It could take anything from an hour to weeks. Usually the ones which take weeks aren’t as good. At least, that’s what I’ve convinced myself, unless maybe I’m too lazy to put in the hard work. It either has to come naturally or not at all. Sometimes you can’t leave a song too long, unless you’re Michael Jackson, in which case it took two years to write Billy Jean – so maybe I am wrong!
The new album marks a change in direction and sound from your previous material and coincides with you taking more control over your image and promotion. Was this deliberate or did it just happen naturally?
I guess it was deliberate in a way. Ideally I would have like to have had time to write the second record and work out what I wanted to do, it was just that the whole experience shocked me into doing more of what I wanted to do and changing my direction. After I broke up with my label and my management, who I’d been with since I was 14, it kind of naturally took that direction. It was really nerve-wracking at first as I thought I couldn’t do it, but then I started writing with my band. The first song we wrote was Vicious Love and I remember one of my band members sat down with me and watched me until I finished a song, as I was starting but not finishing things, crying and starting, not finishing, and then I finished that one and it all rolled on from there.
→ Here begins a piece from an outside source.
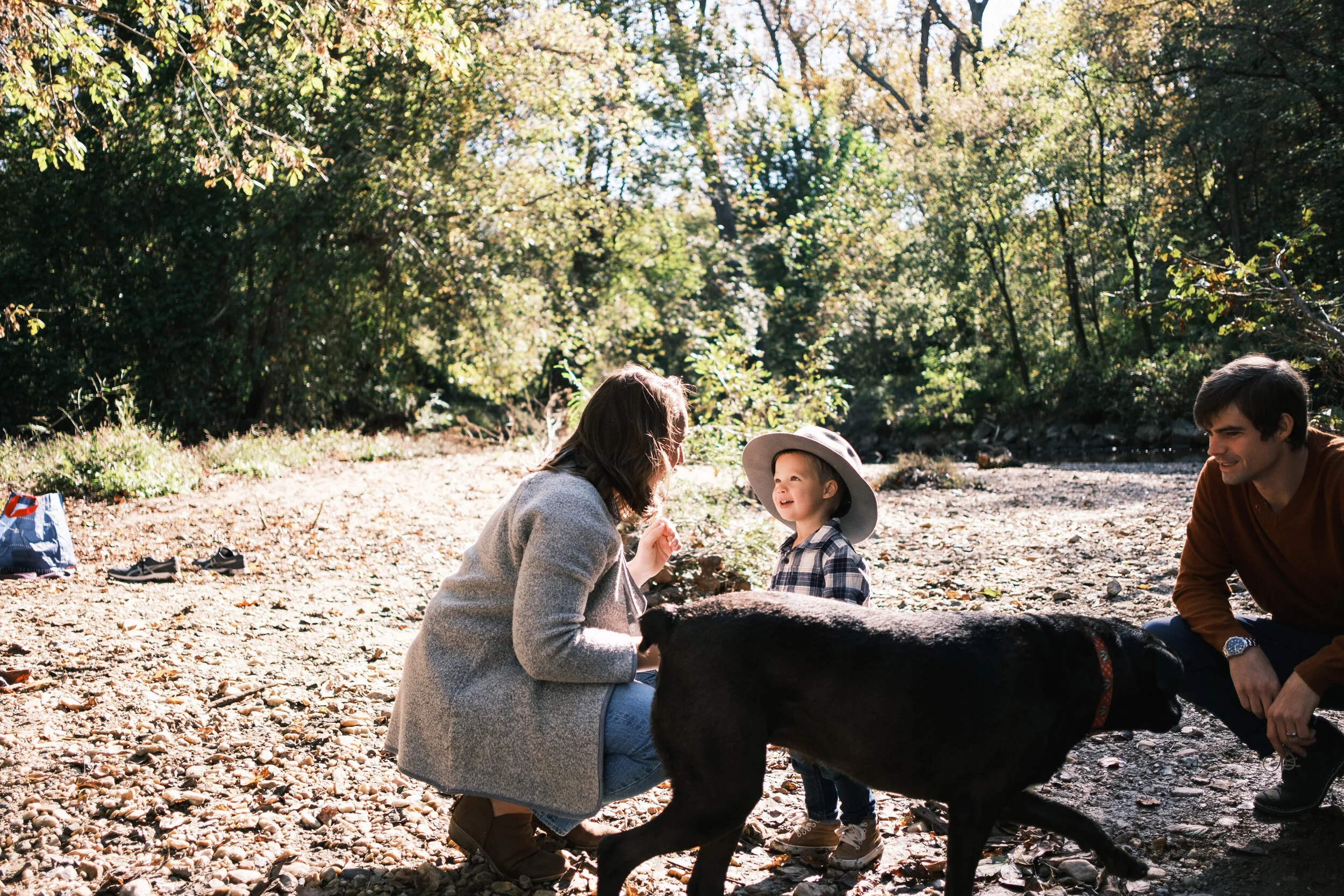 Family of three with a black dog enjoying a day outdoors in a wooded area, with sunlight filtering through trees at a family photo shoot at Lake Wylie.
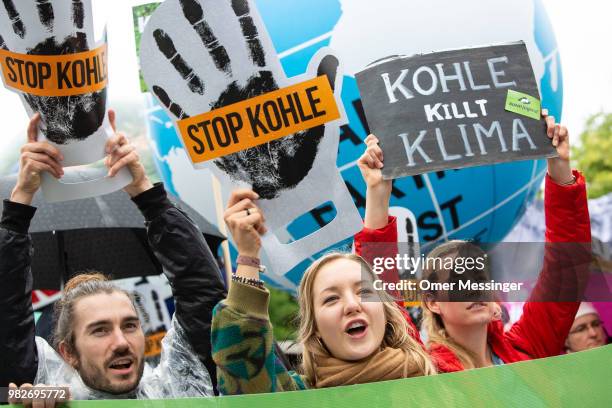 Demonstrators gather in front of the Chancellery during a "Stop Coal" protest on June 24, 2018 in Berlin, Germany. While Germany has set ambitious...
All I knew was that I wanted to record an album that I could recreate live more easily than my second one, which was more synth-tastic.
You do some writing with your brother. What’s that like?
We argue quite a lot and scream at each other quite a lot! It’s quite funny because when you write with other people it can sometime be like speed dating – your publisher says ‘do you want to meet up with that person?’ You get really nervous as well, and if you don’t like something you have to ask in a round-about way ‘it’s cool but do you mind if we try something else?’ With him it’s just ‘nah, no!’ He also asks me to hurry up. It’s quite good in a way as it’s easier to be yourself. I’d like to write more with him in the studio I’ve got set up at home.
Did the shorter haircut coincide with the change of direction?
Yes. I wanted to have a fifties cut and then was watching Breathless, a nouvelle art film, and all the women in those films had really cute, short, pixie haircuts and I thought I’d try it. It’s growing now and I’m going for more of a Natalie Portman in Leon look.
Does your heritage play a large part in your music?
It inspired a lot of imagery for The Sting album and there’s a video called Sweeter In History, which we shot in Italy in a place called Casino. I was inspired by neo-realism and film and photography. The images were taken post-war, when people were living in such terrible conditions, but the photos are beautiful to look at and I felt that with the experience I went through with my music I wanted to create something beautiful out of the pain, to find the light in the darkness. So the Italian neo-realism did play a part.
Musically, who are your inspirations and influences?
Definitely Ike and Tina Turner – I remember the first time I heard River Deep Mountain High and Proud Mary – that’s what I wanted to be like, what I listened to and what connected me to music. I’m a massive Robert Plant fan – I love Led Zeppelin. I love Janis Joplin. I grew up loving blues, soul and rock. I really love Beck – his new album is amazing and I love the sounds of his records. Massive Attack, Portishead, Tricky. Mainly blues, soul records and anything that sounds good. Damon Albarn – everything he does, even though he does different things, they are all threaded together by quality.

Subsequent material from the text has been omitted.